Why elliptic curves now. Beyond BSD, modularity (Wiles, Breuil–Conrad–Diamond–Taylor, 1995–2001) unified elliptic curves over \(\mathbb{Q}\) with the analytic theory of modular forms; Sato–Tate (Clozel–Harris–Shepherd-Barron–Taylor, 2006–2011) established the statistical distribution of Frobenius traces; and recent work on the explicit BSD formula and on rank growth in families puts the field at the intersection of arithmetic statistics, p-adic analysis, and computer algebra. Every graduate career in number theory benefits from a fluent grasp of \(E(\mathbb{Q})\) and its friends.

Chapter 2: Diophantine Equations and Rational Points

Taught at UW as PMATH 940 in Fall 2019 by C. L. Stewart.
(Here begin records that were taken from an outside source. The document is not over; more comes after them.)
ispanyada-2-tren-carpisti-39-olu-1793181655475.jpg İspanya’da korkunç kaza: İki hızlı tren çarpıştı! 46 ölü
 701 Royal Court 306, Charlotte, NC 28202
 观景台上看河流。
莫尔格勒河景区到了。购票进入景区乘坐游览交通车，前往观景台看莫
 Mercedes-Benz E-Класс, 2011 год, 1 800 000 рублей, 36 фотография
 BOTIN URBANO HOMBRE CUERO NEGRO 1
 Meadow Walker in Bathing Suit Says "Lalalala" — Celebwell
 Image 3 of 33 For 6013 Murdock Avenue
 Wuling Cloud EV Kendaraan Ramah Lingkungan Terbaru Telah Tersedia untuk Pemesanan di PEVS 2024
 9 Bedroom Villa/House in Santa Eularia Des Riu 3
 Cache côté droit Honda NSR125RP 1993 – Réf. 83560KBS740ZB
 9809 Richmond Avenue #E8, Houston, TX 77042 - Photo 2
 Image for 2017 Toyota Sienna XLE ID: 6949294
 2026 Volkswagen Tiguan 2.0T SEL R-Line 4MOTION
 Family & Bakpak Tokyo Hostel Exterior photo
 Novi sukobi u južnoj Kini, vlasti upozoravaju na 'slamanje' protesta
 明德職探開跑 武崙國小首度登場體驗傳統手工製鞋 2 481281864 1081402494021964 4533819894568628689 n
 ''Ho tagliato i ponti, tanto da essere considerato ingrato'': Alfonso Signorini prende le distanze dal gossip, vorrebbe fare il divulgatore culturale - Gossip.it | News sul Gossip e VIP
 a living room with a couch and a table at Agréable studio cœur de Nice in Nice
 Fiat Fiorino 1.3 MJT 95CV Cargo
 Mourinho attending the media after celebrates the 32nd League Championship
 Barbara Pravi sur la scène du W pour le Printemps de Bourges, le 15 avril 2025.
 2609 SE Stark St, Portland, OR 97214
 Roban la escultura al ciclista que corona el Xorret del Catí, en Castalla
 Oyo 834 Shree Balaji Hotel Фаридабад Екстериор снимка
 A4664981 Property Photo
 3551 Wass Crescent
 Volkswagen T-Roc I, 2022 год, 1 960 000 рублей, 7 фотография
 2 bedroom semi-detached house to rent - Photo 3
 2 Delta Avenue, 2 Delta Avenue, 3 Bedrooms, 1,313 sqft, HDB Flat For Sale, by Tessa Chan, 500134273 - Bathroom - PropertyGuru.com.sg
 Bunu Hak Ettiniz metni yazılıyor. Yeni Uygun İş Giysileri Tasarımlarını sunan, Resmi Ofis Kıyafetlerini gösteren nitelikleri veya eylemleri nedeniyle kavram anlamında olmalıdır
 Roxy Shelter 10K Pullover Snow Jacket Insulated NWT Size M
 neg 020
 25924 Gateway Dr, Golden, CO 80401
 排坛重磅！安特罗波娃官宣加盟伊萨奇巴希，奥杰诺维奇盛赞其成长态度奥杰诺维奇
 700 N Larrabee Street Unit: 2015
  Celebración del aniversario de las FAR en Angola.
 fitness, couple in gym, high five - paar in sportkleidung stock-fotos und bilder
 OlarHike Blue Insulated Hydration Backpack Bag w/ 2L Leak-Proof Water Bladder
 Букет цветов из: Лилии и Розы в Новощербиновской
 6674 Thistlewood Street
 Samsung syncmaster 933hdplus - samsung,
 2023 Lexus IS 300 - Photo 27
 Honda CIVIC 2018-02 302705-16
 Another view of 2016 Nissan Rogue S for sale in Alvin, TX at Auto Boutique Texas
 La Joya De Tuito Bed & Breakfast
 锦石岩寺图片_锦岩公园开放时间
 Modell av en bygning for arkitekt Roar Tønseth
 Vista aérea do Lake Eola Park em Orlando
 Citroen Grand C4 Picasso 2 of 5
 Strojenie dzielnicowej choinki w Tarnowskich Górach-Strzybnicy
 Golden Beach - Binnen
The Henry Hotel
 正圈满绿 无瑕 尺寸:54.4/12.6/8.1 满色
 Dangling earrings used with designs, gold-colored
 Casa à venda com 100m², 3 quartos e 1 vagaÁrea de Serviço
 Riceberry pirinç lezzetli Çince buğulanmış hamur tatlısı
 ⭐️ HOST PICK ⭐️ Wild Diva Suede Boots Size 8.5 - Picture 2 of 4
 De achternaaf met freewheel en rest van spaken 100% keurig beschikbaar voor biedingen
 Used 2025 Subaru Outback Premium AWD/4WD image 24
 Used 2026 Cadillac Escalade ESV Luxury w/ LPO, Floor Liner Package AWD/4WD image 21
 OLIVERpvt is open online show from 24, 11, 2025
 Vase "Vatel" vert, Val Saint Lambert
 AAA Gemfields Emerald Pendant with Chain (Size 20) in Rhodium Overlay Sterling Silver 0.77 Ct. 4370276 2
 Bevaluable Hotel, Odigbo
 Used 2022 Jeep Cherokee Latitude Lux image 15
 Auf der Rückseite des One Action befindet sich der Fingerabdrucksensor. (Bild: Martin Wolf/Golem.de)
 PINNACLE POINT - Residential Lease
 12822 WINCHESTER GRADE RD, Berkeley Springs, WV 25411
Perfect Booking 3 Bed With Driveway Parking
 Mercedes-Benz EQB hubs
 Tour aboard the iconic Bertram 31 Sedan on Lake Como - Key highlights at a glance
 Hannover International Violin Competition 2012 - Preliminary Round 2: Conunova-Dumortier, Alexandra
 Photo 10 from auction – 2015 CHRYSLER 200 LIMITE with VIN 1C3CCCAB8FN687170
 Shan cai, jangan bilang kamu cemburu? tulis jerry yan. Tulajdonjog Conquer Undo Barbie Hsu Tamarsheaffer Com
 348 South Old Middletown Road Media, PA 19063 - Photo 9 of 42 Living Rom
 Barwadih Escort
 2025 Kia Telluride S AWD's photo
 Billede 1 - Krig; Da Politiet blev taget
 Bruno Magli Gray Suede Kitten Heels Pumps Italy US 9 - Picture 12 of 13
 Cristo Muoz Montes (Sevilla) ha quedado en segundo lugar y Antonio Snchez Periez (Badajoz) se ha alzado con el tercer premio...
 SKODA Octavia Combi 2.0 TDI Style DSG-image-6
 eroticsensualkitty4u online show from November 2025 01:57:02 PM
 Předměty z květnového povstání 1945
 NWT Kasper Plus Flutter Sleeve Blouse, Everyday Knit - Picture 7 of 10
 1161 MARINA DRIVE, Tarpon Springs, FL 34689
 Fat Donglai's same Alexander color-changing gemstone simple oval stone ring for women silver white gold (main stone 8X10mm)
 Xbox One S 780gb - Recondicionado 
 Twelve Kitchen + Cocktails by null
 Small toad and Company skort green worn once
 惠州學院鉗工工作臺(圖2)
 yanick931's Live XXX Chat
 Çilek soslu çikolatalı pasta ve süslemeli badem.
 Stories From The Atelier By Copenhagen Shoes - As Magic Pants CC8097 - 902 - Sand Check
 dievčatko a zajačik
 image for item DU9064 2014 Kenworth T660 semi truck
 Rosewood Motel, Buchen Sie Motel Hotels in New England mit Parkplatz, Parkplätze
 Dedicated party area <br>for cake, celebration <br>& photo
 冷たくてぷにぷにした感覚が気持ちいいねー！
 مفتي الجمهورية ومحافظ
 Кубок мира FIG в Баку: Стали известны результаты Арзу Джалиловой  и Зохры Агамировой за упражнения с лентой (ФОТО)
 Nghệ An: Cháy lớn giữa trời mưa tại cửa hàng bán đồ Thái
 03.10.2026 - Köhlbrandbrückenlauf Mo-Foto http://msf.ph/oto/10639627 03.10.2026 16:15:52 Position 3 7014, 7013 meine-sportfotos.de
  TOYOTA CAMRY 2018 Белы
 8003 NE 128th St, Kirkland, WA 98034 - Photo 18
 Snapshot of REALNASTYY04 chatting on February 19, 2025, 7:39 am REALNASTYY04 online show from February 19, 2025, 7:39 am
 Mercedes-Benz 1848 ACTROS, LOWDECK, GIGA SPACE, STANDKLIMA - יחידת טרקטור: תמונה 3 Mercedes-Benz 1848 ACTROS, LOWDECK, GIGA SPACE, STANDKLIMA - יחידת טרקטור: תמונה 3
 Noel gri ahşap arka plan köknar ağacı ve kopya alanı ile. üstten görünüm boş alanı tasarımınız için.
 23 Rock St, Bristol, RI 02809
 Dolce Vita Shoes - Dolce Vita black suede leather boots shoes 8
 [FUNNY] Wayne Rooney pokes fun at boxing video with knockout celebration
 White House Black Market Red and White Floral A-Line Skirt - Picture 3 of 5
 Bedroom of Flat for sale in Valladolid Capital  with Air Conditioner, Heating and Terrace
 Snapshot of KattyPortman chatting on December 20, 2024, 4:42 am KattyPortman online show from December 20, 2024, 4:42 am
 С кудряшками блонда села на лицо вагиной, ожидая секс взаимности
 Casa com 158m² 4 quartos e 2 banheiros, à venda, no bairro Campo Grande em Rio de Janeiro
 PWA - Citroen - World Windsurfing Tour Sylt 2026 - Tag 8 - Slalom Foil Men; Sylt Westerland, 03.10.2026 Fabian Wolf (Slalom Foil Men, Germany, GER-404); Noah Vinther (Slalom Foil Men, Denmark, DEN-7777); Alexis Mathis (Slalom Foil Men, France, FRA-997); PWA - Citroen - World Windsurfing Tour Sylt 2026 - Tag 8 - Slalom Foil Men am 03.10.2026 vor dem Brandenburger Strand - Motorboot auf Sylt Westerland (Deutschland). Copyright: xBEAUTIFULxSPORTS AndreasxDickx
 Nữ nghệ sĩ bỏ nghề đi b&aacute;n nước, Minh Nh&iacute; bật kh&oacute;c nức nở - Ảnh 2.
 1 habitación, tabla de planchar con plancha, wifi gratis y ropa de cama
Diophantine equations are the oldest subject in mathematics and, in their full generality, undecidable (Matiyasevich 1970 solving Hilbert’s tenth problem). The art of the field is to identify specific equations where structure — algebraic, analytic, or geometric — cuts through the generic undecidability and lets one prove effective finiteness theorems. Stewart’s course developed the master technique of twentieth-century effective Diophantine analysis: Baker’s method of linear forms in logarithms.

Definition 2.1 (S-integers and S-units). For a number field \(K\) and a finite set \(S\) of places of \(K\) containing all archimedean places, the ring of S-integers is \[ \mathcal{O}_{K,S} = \{ x \in K : v(x) \ge 0 \text{ for all } v \notin S \}. \] Its group of units \(\mathcal{O}_{K,S}^\times\) is the group of S-units.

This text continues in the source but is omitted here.